→ **Task objective**
Use the entries below and reproduce exactly the lines from the one containing "Edinburgh A1 driver" down to the one containing "Teclado Redragon Fizz", both of them included.

= Beginning of Section =

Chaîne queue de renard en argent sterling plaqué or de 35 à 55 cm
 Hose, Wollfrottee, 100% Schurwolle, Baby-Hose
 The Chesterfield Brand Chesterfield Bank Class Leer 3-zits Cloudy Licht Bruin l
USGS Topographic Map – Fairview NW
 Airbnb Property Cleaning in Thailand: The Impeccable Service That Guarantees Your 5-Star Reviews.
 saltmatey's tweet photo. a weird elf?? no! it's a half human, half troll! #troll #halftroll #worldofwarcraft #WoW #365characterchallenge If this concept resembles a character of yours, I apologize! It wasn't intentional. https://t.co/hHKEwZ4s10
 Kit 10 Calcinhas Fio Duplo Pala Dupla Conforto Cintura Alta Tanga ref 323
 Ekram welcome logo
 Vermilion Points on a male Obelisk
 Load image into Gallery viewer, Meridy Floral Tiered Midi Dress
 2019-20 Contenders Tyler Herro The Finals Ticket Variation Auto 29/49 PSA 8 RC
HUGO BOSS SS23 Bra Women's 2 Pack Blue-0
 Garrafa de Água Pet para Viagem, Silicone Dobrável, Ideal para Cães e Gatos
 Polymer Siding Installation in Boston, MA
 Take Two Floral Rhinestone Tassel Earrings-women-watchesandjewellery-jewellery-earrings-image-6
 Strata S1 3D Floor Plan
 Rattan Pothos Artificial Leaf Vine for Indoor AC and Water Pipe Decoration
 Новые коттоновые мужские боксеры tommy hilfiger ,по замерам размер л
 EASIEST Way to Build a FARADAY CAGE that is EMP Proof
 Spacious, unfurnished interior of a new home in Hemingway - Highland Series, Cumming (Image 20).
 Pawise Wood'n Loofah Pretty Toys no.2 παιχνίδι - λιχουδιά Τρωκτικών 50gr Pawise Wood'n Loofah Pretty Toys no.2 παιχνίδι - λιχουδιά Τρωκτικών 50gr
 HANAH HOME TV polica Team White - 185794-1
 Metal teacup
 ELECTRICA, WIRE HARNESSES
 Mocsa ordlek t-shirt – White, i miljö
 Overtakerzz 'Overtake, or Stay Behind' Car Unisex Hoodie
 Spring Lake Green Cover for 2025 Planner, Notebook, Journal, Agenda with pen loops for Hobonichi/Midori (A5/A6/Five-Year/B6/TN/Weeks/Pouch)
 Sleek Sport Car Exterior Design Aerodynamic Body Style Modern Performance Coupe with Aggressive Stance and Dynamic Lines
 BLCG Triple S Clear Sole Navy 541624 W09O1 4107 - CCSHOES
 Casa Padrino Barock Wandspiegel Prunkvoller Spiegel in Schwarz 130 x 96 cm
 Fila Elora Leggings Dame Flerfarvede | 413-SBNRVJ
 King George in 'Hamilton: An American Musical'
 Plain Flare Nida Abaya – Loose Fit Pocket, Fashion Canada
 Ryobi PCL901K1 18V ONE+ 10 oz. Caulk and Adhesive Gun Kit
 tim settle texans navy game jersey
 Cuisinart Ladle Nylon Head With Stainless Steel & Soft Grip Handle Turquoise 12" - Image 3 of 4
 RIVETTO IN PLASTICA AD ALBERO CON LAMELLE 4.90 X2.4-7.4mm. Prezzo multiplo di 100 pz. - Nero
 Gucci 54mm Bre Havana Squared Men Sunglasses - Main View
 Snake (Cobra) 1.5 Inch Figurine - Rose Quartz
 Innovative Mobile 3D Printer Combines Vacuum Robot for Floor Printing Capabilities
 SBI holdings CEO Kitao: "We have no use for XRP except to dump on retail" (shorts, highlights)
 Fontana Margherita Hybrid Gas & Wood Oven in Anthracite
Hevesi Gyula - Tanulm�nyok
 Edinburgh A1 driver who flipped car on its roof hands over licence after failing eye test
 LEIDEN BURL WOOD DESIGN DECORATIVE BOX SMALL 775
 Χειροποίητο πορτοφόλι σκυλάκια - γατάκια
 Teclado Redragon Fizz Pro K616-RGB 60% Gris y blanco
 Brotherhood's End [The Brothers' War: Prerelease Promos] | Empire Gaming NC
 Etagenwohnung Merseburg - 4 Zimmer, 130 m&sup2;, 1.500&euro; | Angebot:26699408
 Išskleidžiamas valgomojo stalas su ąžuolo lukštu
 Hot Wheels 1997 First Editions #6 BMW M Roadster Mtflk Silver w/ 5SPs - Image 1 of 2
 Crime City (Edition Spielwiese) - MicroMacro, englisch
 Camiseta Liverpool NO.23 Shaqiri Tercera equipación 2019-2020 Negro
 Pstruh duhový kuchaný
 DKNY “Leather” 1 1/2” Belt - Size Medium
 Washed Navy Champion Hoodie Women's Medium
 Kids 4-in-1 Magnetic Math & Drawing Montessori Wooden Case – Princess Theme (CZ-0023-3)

= End of Section =

→ **Output of the exercise**
 Edinburgh A1 driver who flipped car on its roof hands over licence after failing eye test
 LEIDEN BURL WOOD DESIGN DECORATIVE BOX SMALL 775
 Χειροποίητο πορτοφόλι σκυλάκια - γατάκια
 Teclado Redragon Fizz Pro K616-RGB 60% Gris y blanco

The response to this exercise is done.